══ Task data

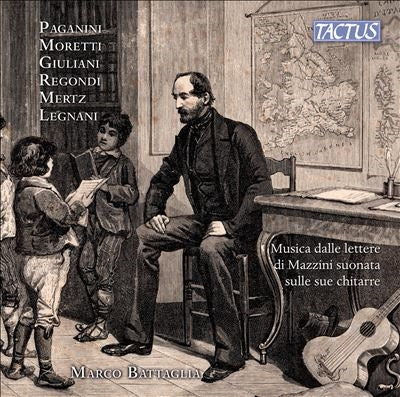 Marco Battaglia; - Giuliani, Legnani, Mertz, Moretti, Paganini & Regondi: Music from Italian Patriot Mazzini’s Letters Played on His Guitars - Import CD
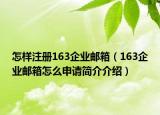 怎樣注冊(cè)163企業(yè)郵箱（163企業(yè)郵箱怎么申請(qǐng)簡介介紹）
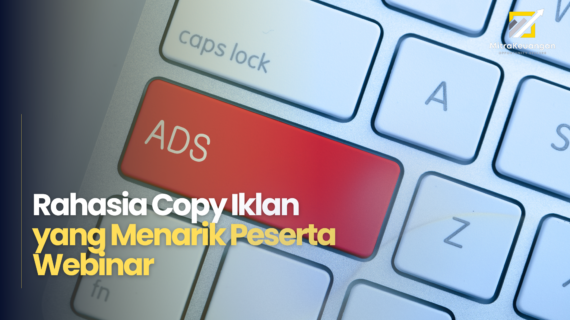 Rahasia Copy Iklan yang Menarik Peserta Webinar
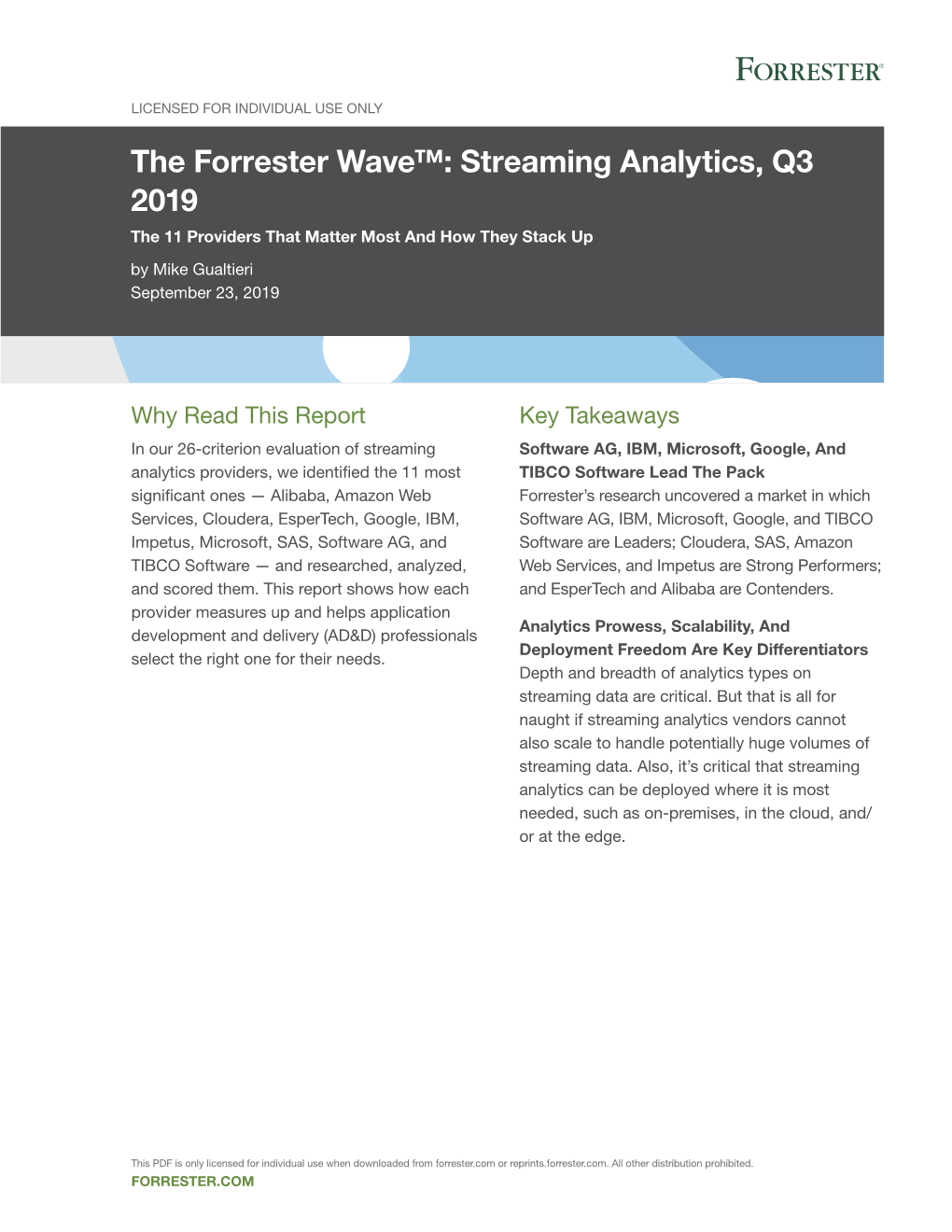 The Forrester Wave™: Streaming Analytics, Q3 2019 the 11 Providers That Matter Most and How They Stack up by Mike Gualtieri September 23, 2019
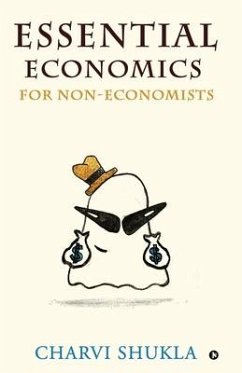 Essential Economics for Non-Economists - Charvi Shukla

════

> Work instruction
Print each entry above exactly. The pictures should not be printed.

> Exercise solution
 Marco Battaglia; - Giuliani, Legnani, Mertz, Moretti, Paganini & Regondi: Music from Italian Patriot Mazzini’s Letters Played on His Guitars - Import CD
 怎樣注冊(cè)163企業(yè)郵箱（163企業(yè)郵箱怎么申請(qǐng)簡介介紹）
 Rahasia Copy Iklan yang Menarik Peserta Webinar
 The Forrester Wave™: Streaming Analytics, Q3 2019 the 11 Providers That Matter Most and How They Stack up by Mike Gualtieri September 23, 2019
 Essential Economics for Non-Economists - Charvi Shukla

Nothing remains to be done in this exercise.